Streiff’s ambitions are in line with his CAP 2010 programme, which has ambitious profitability targets for the group. And getting a better return from emerging markets is a sound way to achieve this. Analysts believe PSA lags behind the likes of Fiat and Volkswagen in terms of profitability from emerging markets operations.

So this means PSA will not chase the lower end of the market. Instead it will focus on premium products – lower-medium sector cars such as the Peugeot 307 and Citroen C4, or the Citroen Xsara Picasso MPV. “Upper segments are moving at a faster pace than the others,” said Streiff. “Oddly, Citroen is perceived as the more up-market brand of the two, a reversal of the two PSA brands’ images in Europe.”

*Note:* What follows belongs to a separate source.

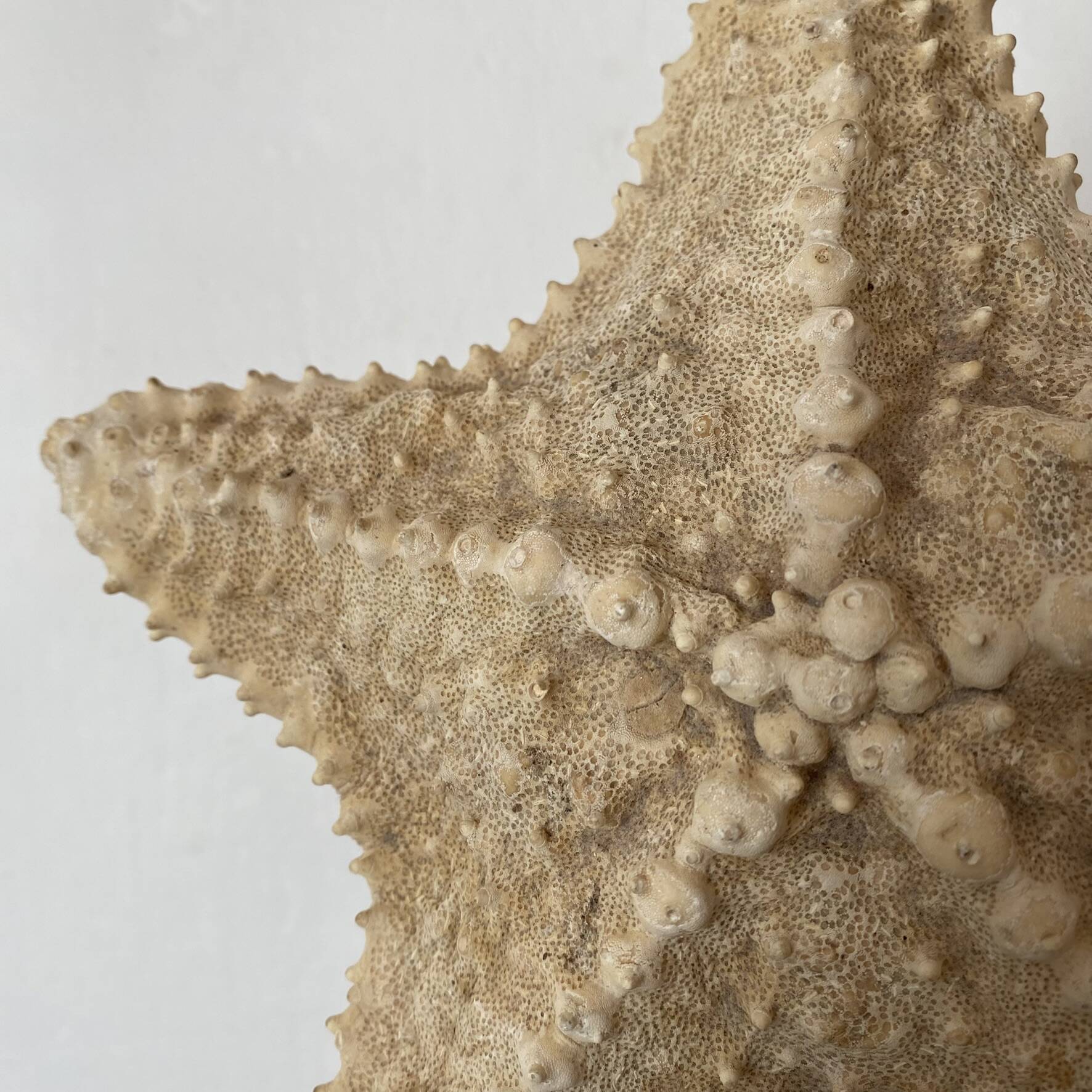 knotted starfish 21 cm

 “Brand image in Mercosur is very different to Europe,” he added.

And despite the move up-market, he cautions that PSA needs to cater, for now at least, for the Brazilian “popular” segment too – though at the top end of the segment, with €10,000 cars rather than €7,000 models. “The popular sector will decrease over the long term,” he cautioned.

PSA is growing faster than the market too – sales in the first ten months of 2007 were up 32%, while the overall Mercosur market grew 28%. “We are having to run fast because the market is running fast,” said Vincent Rambaud, PSA’s director of Mercosur operations. Rambaud has been given responsibility for running the region by Streiff, who wants a more local approach to running PSA’s emerging markets operations rather than tightly controlling them from Paris.

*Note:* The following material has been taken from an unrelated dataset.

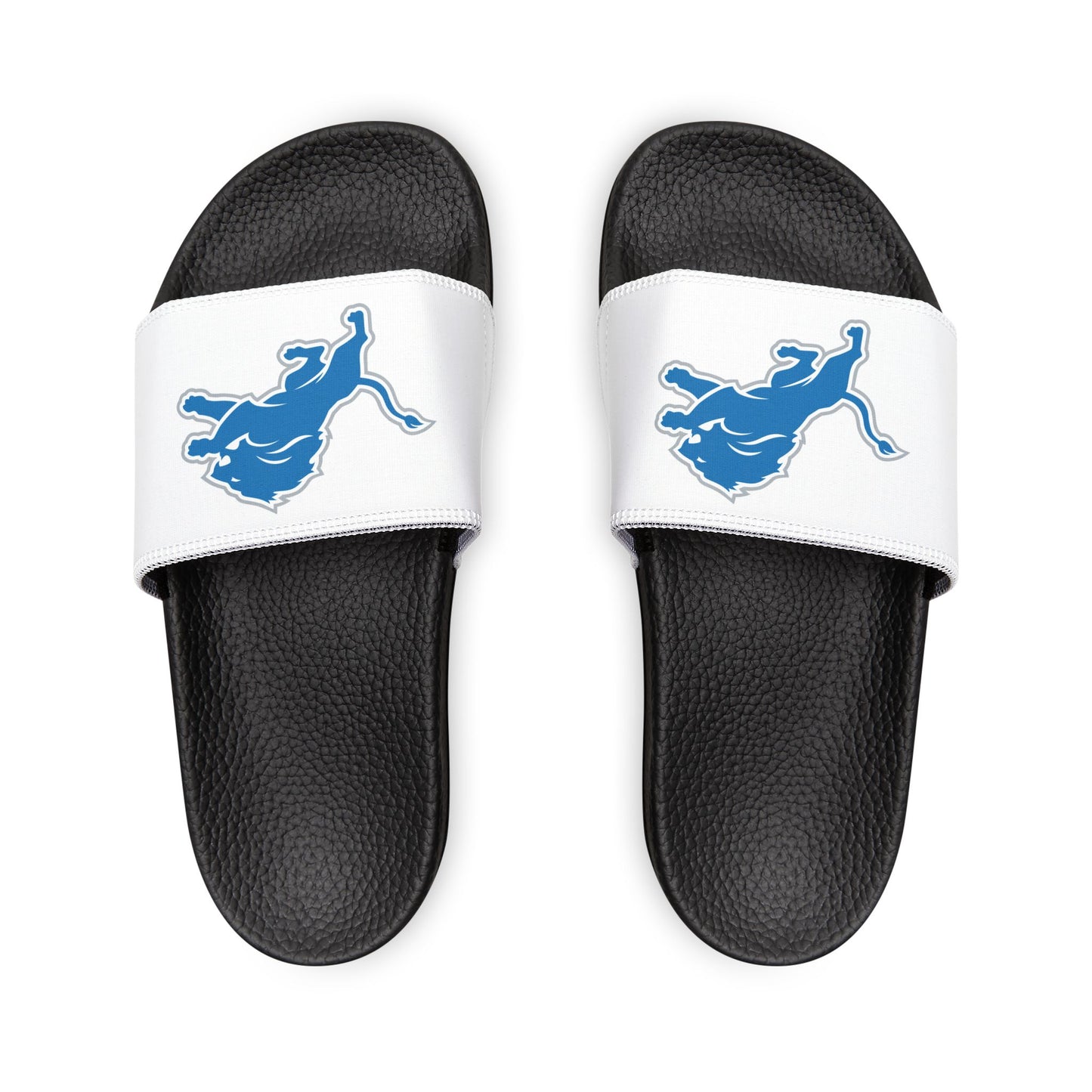 Detroit Lions Slides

To achieve Streiff’s goal of catching Fiat, VW, GM and Ford, PSA is planning to pump around €500m in to its plants in Brazil and Argentina between now and the first half of 2009 – around €150m to upgrade facilities, and €350m on developing 12 new models – or variations on existing PSA models – specifically for Latin America by 2010. “We need to improve our market coverage,” said Rambaud. “In five years time we will have doubled the number of body styles on offer, and we will cover 80% of the market.” Streiff concurs: “The model plan is very rich,” he said.

Rambaud believes Mercosur-specific models have to be “adapted in more than detail”, and as a result, engineers familiar with the needs and tastes of the Mercosur market have been hired to run the local engineering office.

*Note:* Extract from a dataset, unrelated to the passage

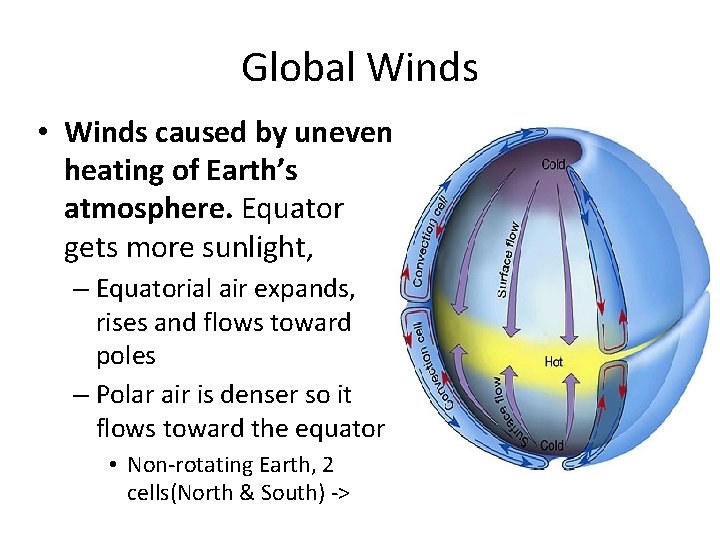Global Winds • Winds caused by uneven heating of Earth’s atmosphere. Equator gets more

Already a number of specific local variants, in addition to the sedan C4 and 307, have been developed, including a version of the Peugeot 206SW badged Escapade, with add-on plastic wheel arches and a higher suspension, to cope with poor quality Latin American roads. A similar variant of the Citroen C3, the C3 XTR, is also made. Another feature of local models is “tropicalisation” – adapting the cars to cope with more consistently hot climates.

Improving distribution is also part of the plans, with a target to expand the dealer networks for the two brands in Mercosur from 300 at the end of 2006 to 450 by the end of 2010. Around 60-70% of the Brazilian market is accounted for by the two biggest cities – Sao Paulo and Rio de Janeiro.

We’ll not know if Streiff’s strategy has worked for a while yet. But if in 10 years’ time the streets of Buenos Aires and Rio are filled with ageing but loved C4 Pallas and 307 sedan models, we can be sure that he’s cracked it.